Despite the institute's upbeat energy, the fragility of independent bookselling was evident. Some booksellers are supplementing store income with outside jobs. Others, like Eric Wilska, owner of the Bookloft in Great Barrington, Mass., have seen sales rise a little, but note that they're working harder for them. “It would be disingenuous for me not to acknowledge tough times,” said Oren Teicher, leading his first convention as ABA CEO. “We're going to work as hard as we can to ensure a bright future for bookselling.” Still, the fact that 500 booksellers attended was cause for optimism, as was the fact that 40 new stores opened in 2009. And more are on the way, including One More Page in Arlington, Va., to open in the spring.

But there could be more bookselling pain ahead. In predicting where digital content is heading, Andrew Weinstein, v-p and general manager of retail solutions at Ingram Digital, said, by 2012, “if you are listening, reading, or watching TV, you will more likely be doing it on the Internet than not.” He had no easy answer for Mitchell Kaplan, owner of Books & Books in Coral Gables, Fla., who asked, “If the purchase of e-books goes the way of e-music, where do we fit in?”
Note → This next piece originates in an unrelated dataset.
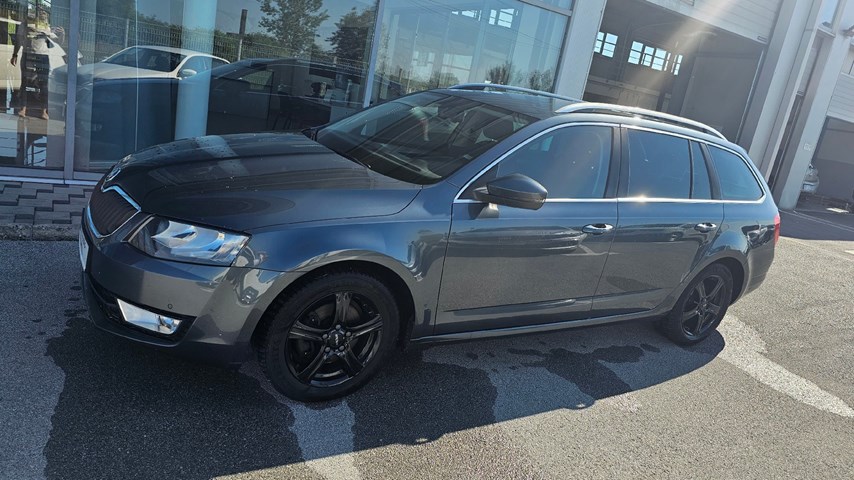 RABLJENO VOZILO ŠKODA OCTAVIA COMBI 2,0 TDI Automatski mjenjač DIESEL 224410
Nor did Google Books director Daniel Clancy, who advocated e-books stored in the cloud—that's Google's cloud, for which the company would take a percentage of every sale. “It absolutely should be that you can buy a digital book in the physical world. Conceptually how to do it is tricky,” Clancy acknowledged. Among his suggestions were bundling e-books with print ones or having booksellers send purchasers an e-mail with a link to the digital file. Of course, there are privacy issues, Clancy said. Google would need to hold on to information about who bought what to enable customers to have long-term access to their e-book files. Booksellers will also get less margin.

According to ABA COO Len Vlahos, the organization is currently in talks with Google Editions, which will launch mid-year, and with bundling partners. “We at ABA happen to agree with Dan Clancy that e-reading devices are not going to be what people read on. In three years time, e-books will be 10% of the market, a conservative estimate. How will we make that up?” he asked in a workshop on E-books 101. However, not all bricks-and-mortar stores want to be in the e-book space. “To me, we sell books,” said Michael Boggs, co-owner of Carmichael's Bookstore in Louisville, Ky. “I can't see a business model with us selling e-books that includes joy.”

Although much of the conference was dedicated to digital technology, many attendees aren't convinced that e-retail is ready for them now. It's up to publishers to work out the details first, commented Roberta Rubin, owner of the Book Stall in Chestnut Court in Winnetka, Ill. Added Andrew Getman, a bookseller at Politics and Prose Bookstore and Coffeeshop in Washington, D.C., “All our customers want to know is what books are good.”

For Dale Szczeblowski, general manager of Porter Square Books in Cambridge, Mass., hands-on workshops like one on IndieBound Design was a favorite, while Sheryl Cotleur, head buyer at Book Passage in Corte Madera, Calif., said, “I enjoy Winter Institute as much for the conversations as the workshops.” Judging by the lines for the 42 writers at this year's author reception, Barry Udall's novel The Lonely Polygamist (Norton, May) and Karl Marlantes's novel Matterhorn (Atlantic Monthly, Apr.) were the most buzzed-about adult titles. Publishers seeded booksellers with galleys for both long before the show. Sally Brewster, co-owner of Park Road Books in Charlotte, N.C., said she got so engrossed reading Matterhorn on her way to Wi5 that a flight attendant had to remind her that her plane had landed.

Next year Winter Institute will head East to the Washington suburb of Crystal City, Va., January 20—22.